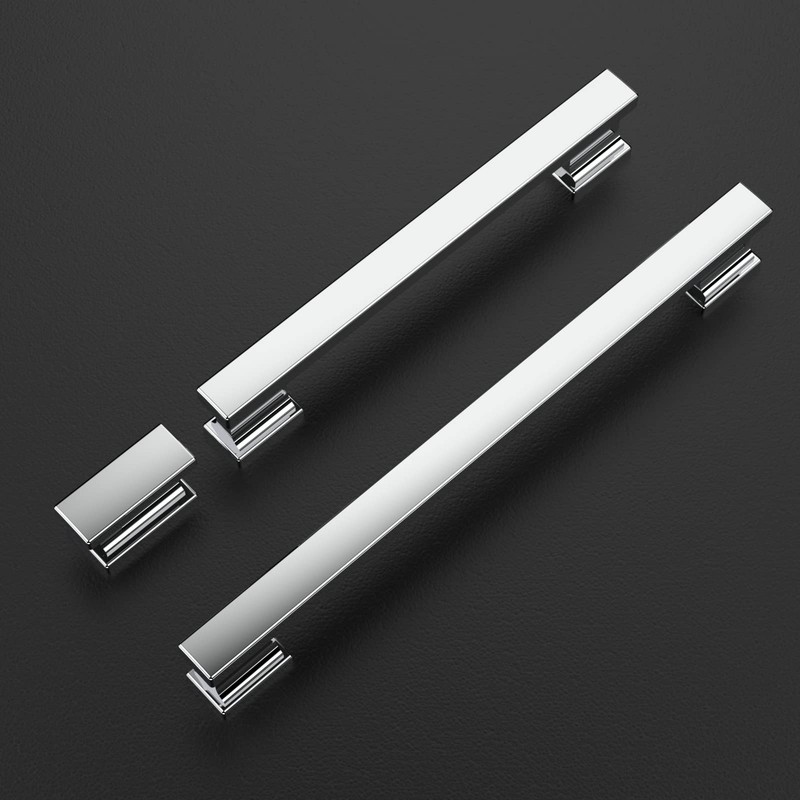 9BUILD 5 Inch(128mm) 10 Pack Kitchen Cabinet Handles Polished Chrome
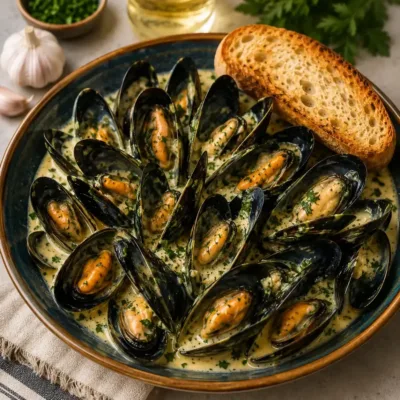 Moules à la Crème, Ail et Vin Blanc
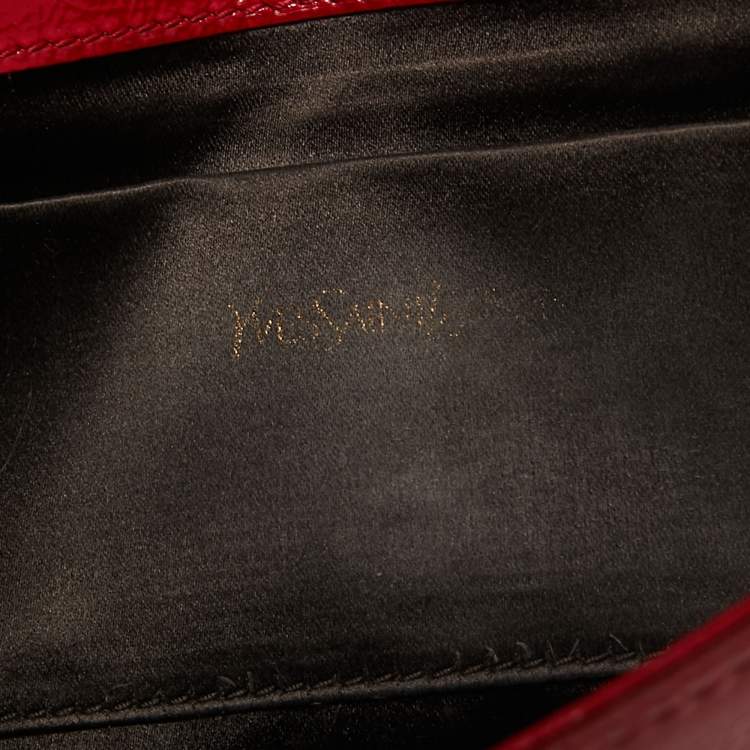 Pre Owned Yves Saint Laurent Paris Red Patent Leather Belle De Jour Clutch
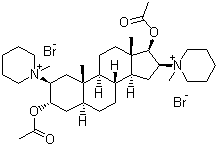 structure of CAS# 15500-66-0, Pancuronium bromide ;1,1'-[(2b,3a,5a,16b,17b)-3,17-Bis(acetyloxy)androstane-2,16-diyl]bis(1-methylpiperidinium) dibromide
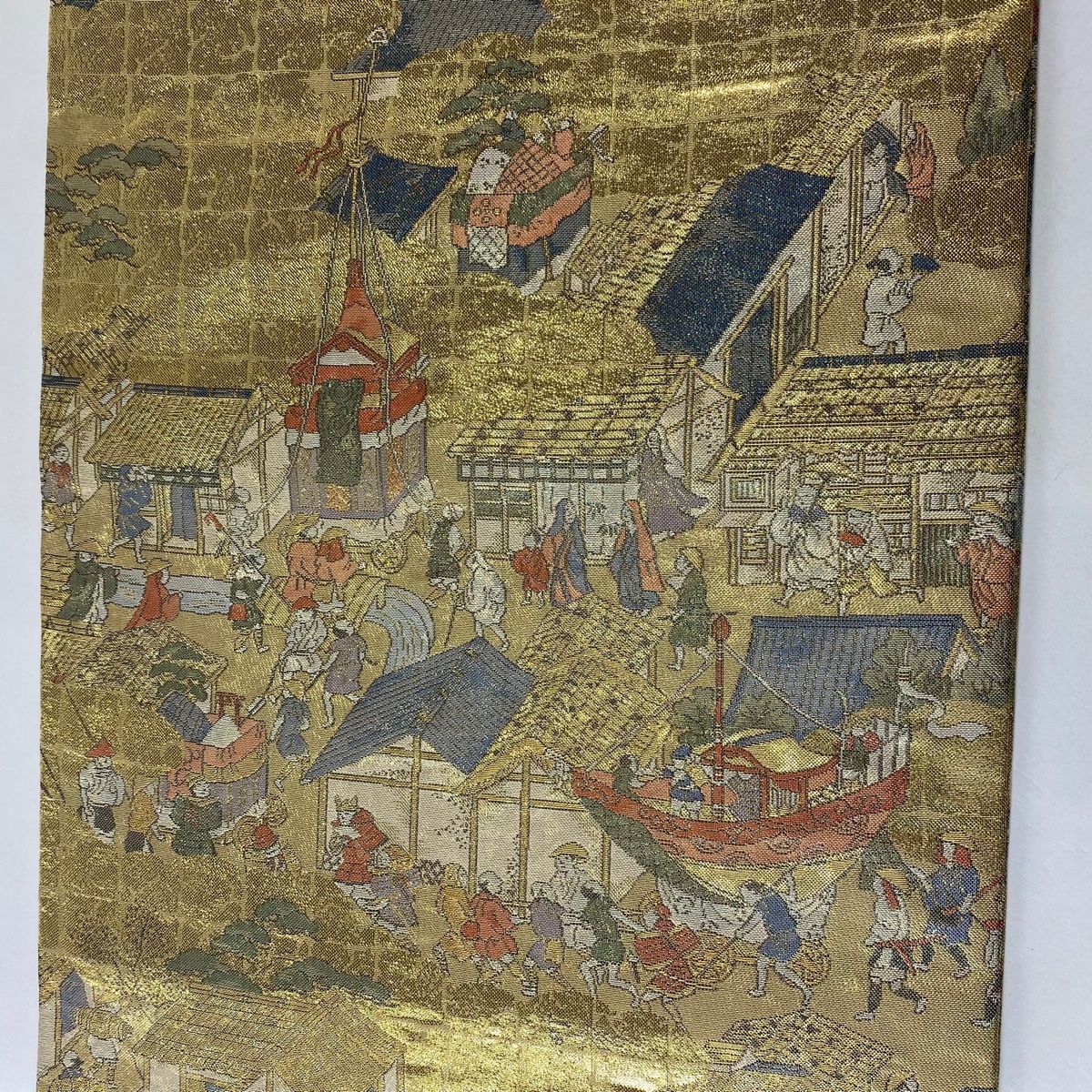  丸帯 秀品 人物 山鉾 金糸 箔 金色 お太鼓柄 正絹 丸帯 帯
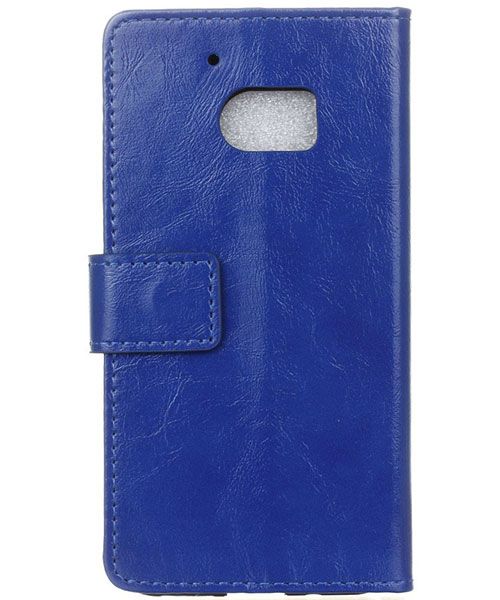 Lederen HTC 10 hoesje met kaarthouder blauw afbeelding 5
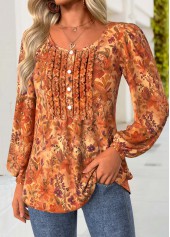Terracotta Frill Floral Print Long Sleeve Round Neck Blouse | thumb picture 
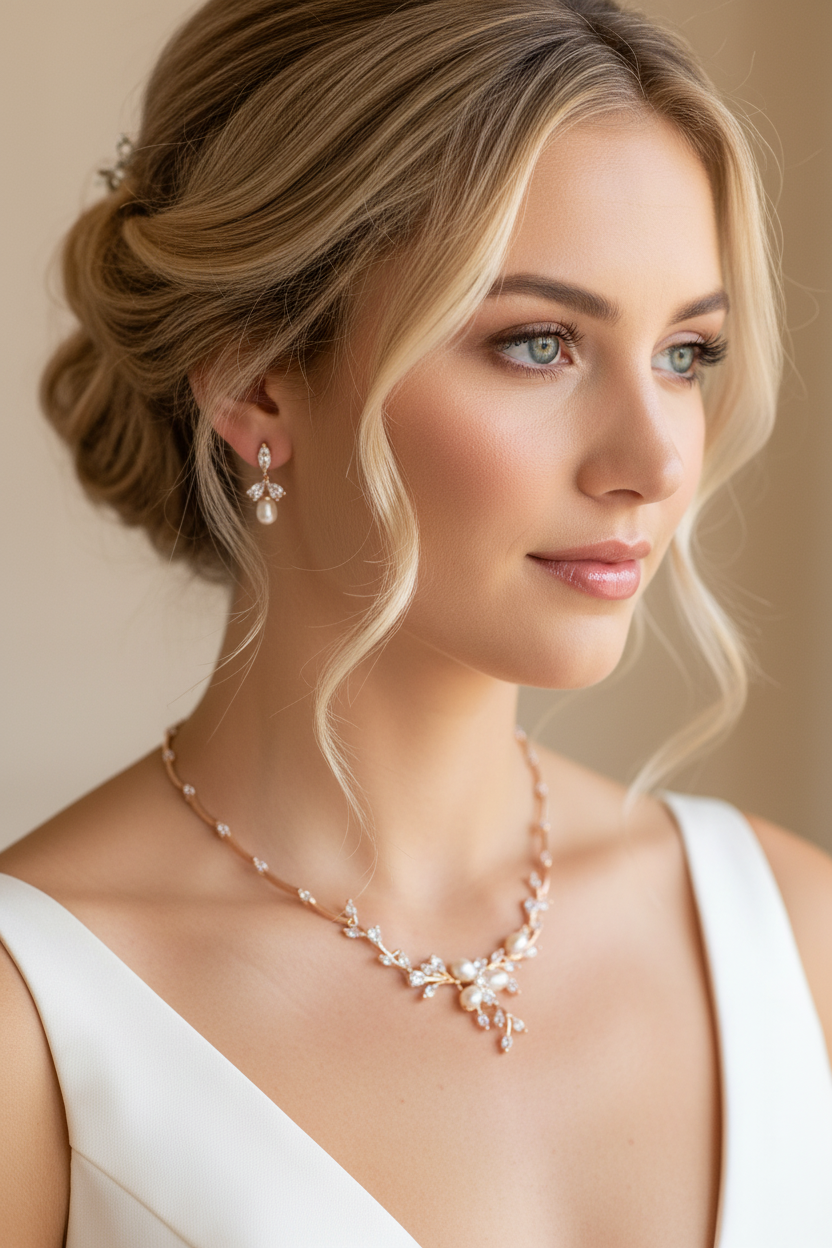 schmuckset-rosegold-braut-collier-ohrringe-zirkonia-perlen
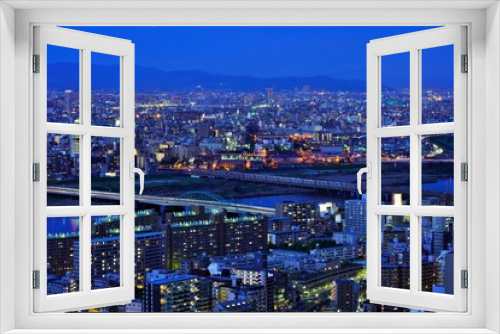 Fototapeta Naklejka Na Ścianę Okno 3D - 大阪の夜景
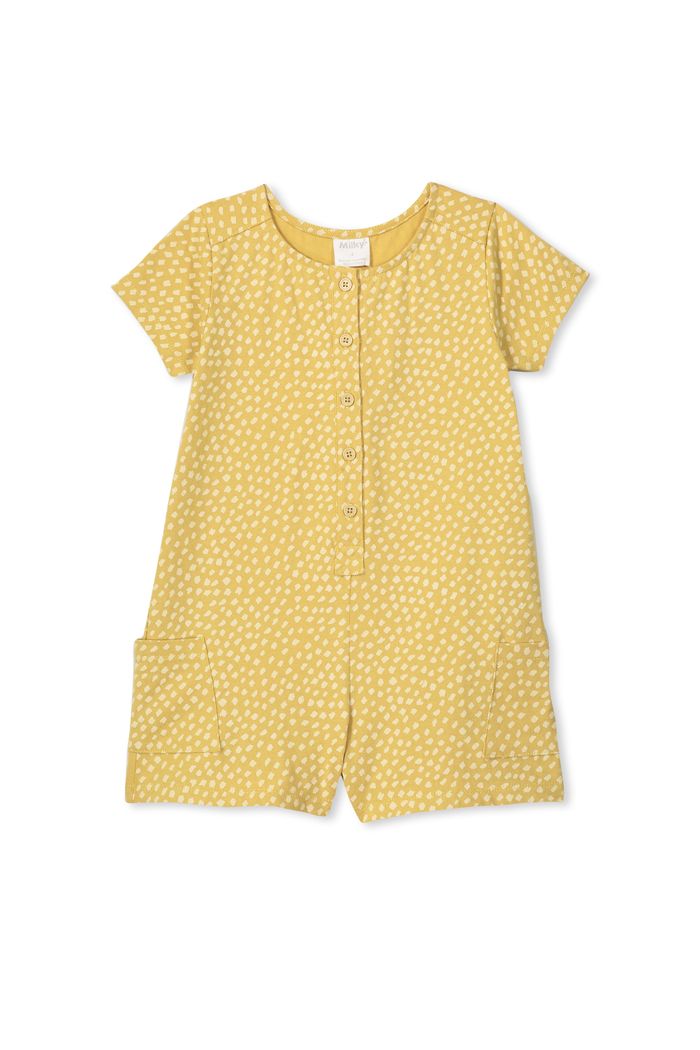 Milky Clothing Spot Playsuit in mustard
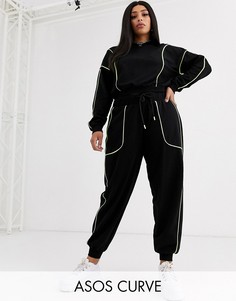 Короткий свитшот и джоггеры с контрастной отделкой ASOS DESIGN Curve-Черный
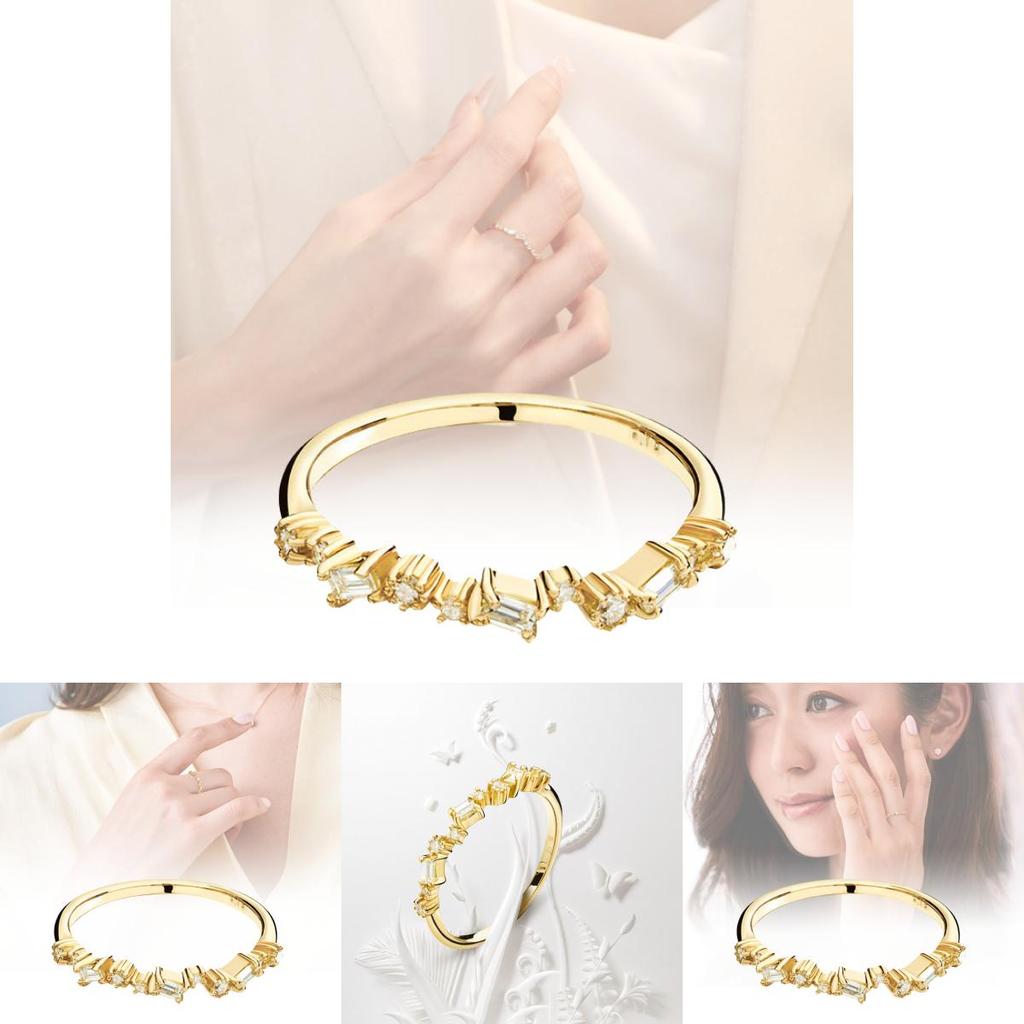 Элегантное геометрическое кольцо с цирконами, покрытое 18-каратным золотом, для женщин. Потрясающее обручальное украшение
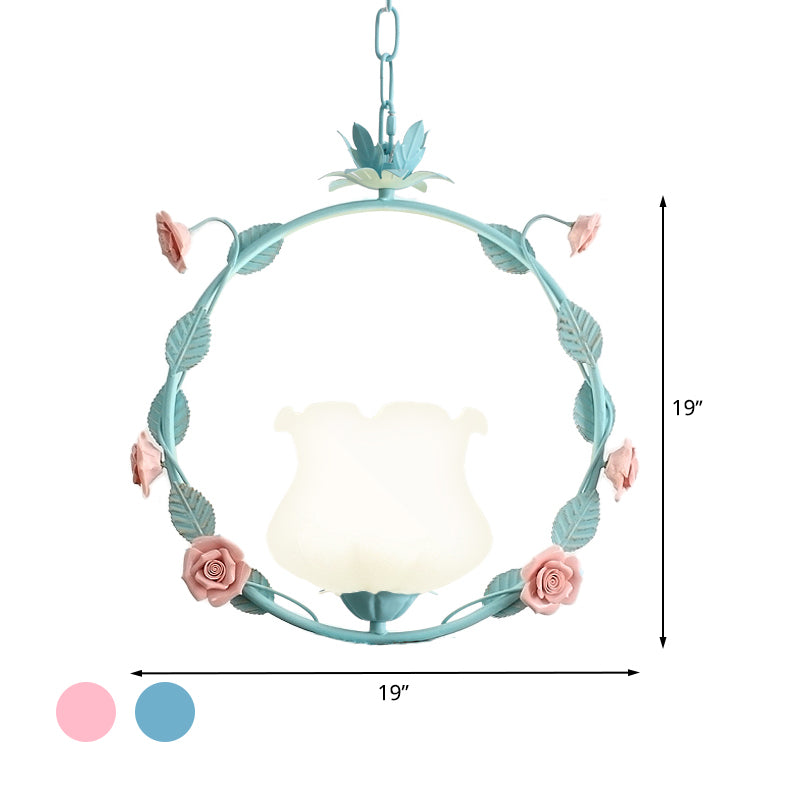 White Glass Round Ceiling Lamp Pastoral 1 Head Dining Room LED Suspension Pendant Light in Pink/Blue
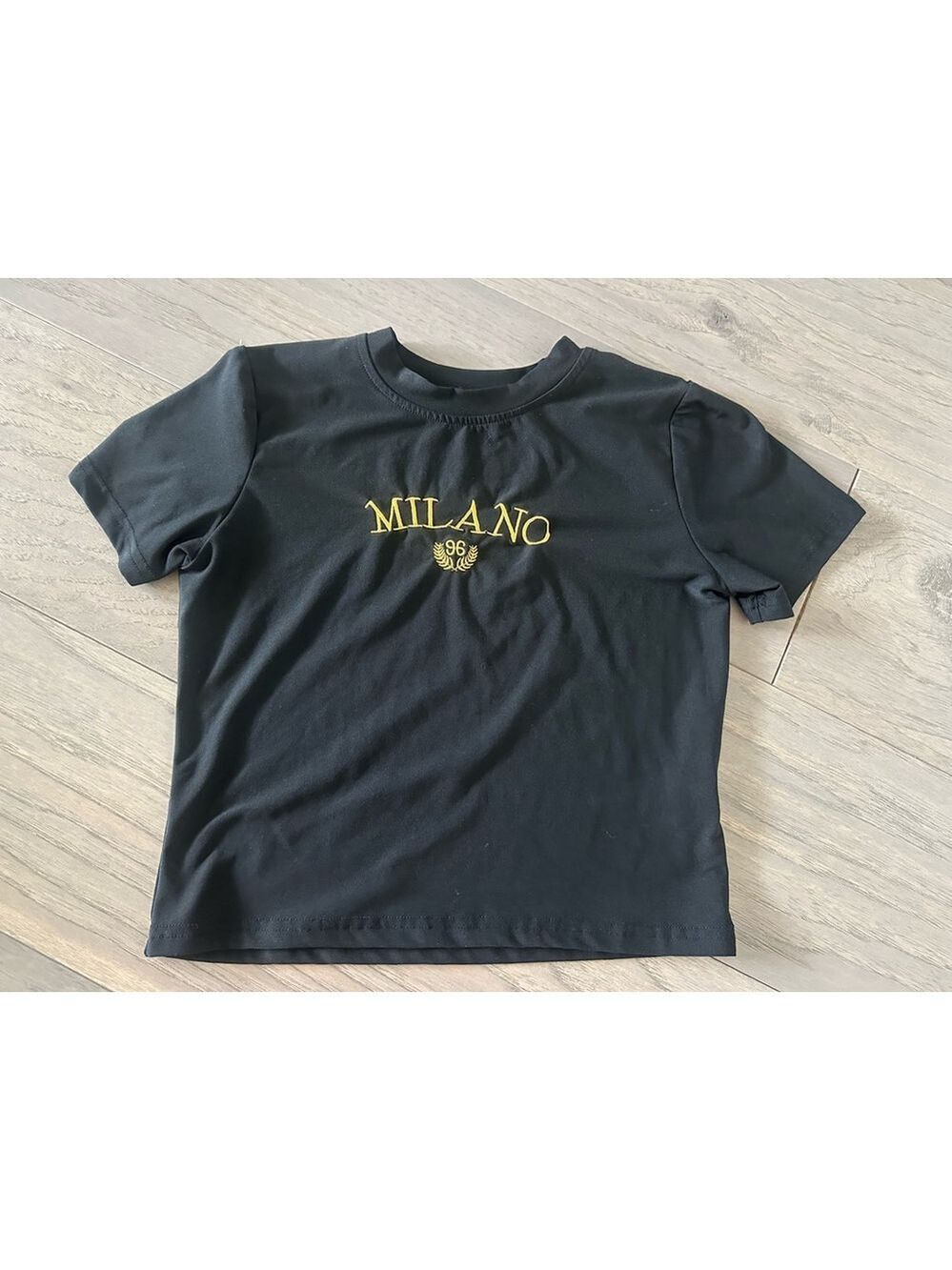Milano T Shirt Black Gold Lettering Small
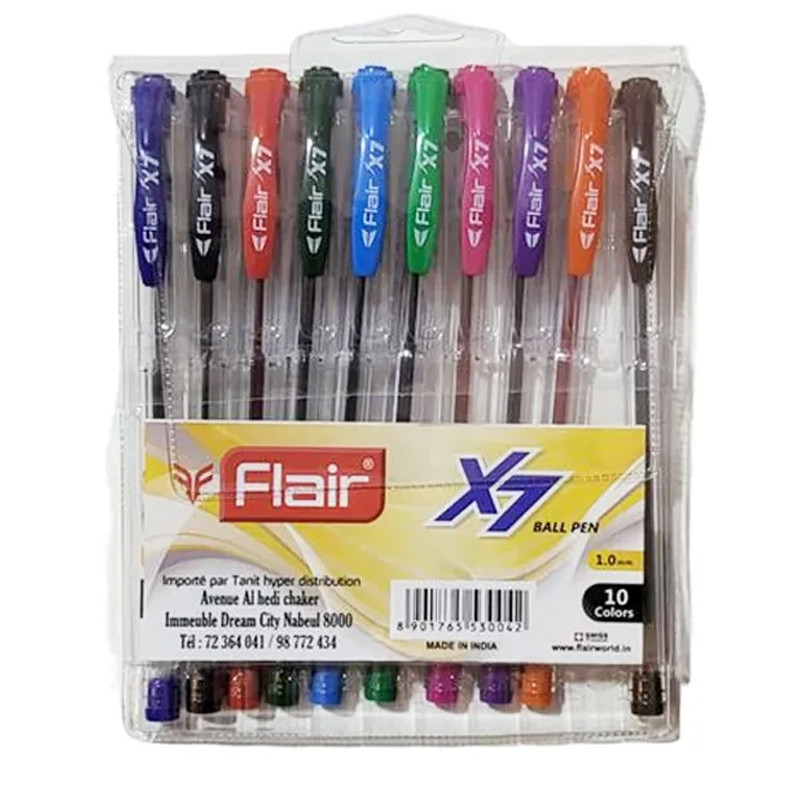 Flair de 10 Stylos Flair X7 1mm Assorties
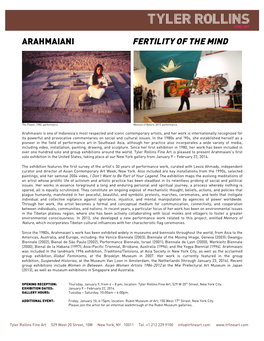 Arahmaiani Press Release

§ Exercise goal
From start to finish, output the listing exactly, but omit its pictures.

§ Answer to this problem
 9BUILD 5 Inch(128mm) 10 Pack Kitchen Cabinet Handles Polished Chrome
 Moules à la Crème, Ail et Vin Blanc
 Pre Owned Yves Saint Laurent Paris Red Patent Leather Belle De Jour Clutch
 structure of CAS# 15500-66-0, Pancuronium bromide ;1,1'-[(2b,3a,5a,16b,17b)-3,17-Bis(acetyloxy)androstane-2,16-diyl]bis(1-methylpiperidinium) dibromide
  丸帯 秀品 人物 山鉾 金糸 箔 金色 お太鼓柄 正絹 丸帯 帯
 Lederen HTC 10 hoesje met kaarthouder blauw afbeelding 5
Terracotta Frill Floral Print Long Sleeve Round Neck Blouse | thumb picture 
 schmuckset-rosegold-braut-collier-ohrringe-zirkonia-perlen
 Fototapeta Naklejka Na Ścianę Okno 3D - 大阪の夜景
 Milky Clothing Spot Playsuit in mustard
 Короткий свитшот и джоггеры с контрастной отделкой ASOS DESIGN Curve-Черный
 Элегантное геометрическое кольцо с цирконами, покрытое 18-каратным золотом, для женщин. Потрясающее обручальное украшение
 White Glass Round Ceiling Lamp Pastoral 1 Head Dining Room LED Suspension Pendant Light in Pink/Blue
Milano T Shirt Black Gold Lettering Small
 Flair de 10 Stylos Flair X7 1mm Assorties
 Arahmaiani Press Release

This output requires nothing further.